▶ **PROBLEM DETAILS**:
The copy should hold exactly the lines below from the one that contains "Hey guys, it's" through the one that contains "Close-set and upturned eyes." and nothing else, so no pictures.

▶ **AVAILABLE DATA**:
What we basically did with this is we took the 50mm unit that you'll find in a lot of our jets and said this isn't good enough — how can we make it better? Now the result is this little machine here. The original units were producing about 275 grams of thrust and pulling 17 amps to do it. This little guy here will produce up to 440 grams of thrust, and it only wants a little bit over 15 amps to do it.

* * *

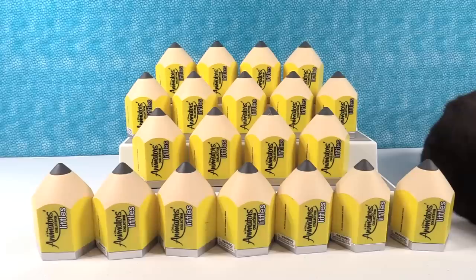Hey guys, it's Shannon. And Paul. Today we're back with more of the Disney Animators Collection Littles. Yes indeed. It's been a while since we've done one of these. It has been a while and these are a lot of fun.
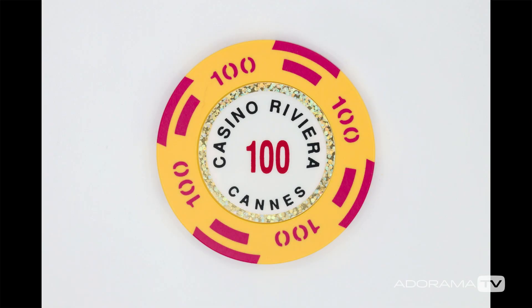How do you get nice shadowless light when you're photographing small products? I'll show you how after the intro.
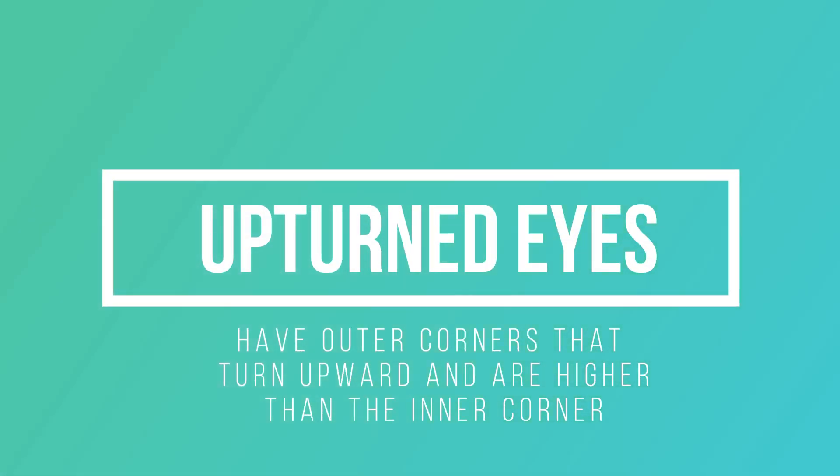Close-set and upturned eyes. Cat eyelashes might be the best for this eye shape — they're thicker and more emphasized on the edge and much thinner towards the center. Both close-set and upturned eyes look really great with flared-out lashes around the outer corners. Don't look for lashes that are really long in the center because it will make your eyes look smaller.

...

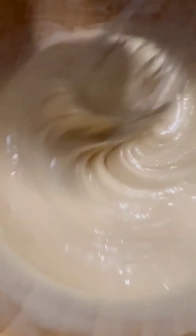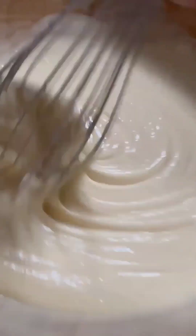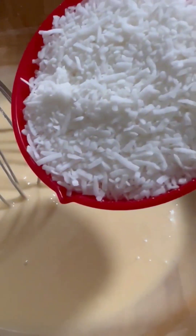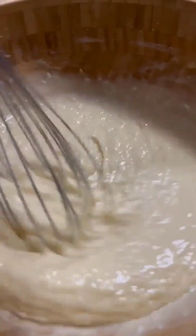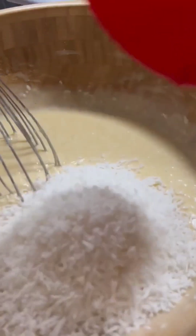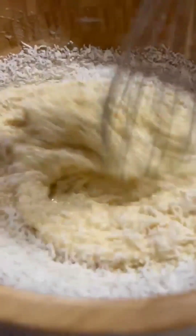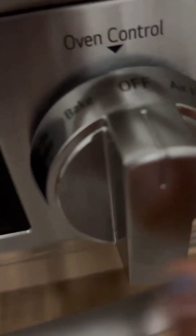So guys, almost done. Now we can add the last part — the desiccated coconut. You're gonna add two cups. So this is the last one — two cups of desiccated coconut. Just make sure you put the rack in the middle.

▶ **TASK SOLUTION**:
Hey guys, it's Shannon. And Paul. Today we're back with more of the Disney Animators Collection Littles. Yes indeed. It's been a while since we've done one of these. It has been a while and these are a lot of fun.
How do you get nice shadowless light when you're photographing small products? I'll show you how after the intro.
Close-set and upturned eyes. Cat eyelashes might be the best for this eye shape — they're thicker and more emphasized on the edge and much thinner towards the center. Both close-set and upturned eyes look really great with flared-out lashes around the outer corners. Don't look for lashes that are really long in the center because it will make your eyes look smaller.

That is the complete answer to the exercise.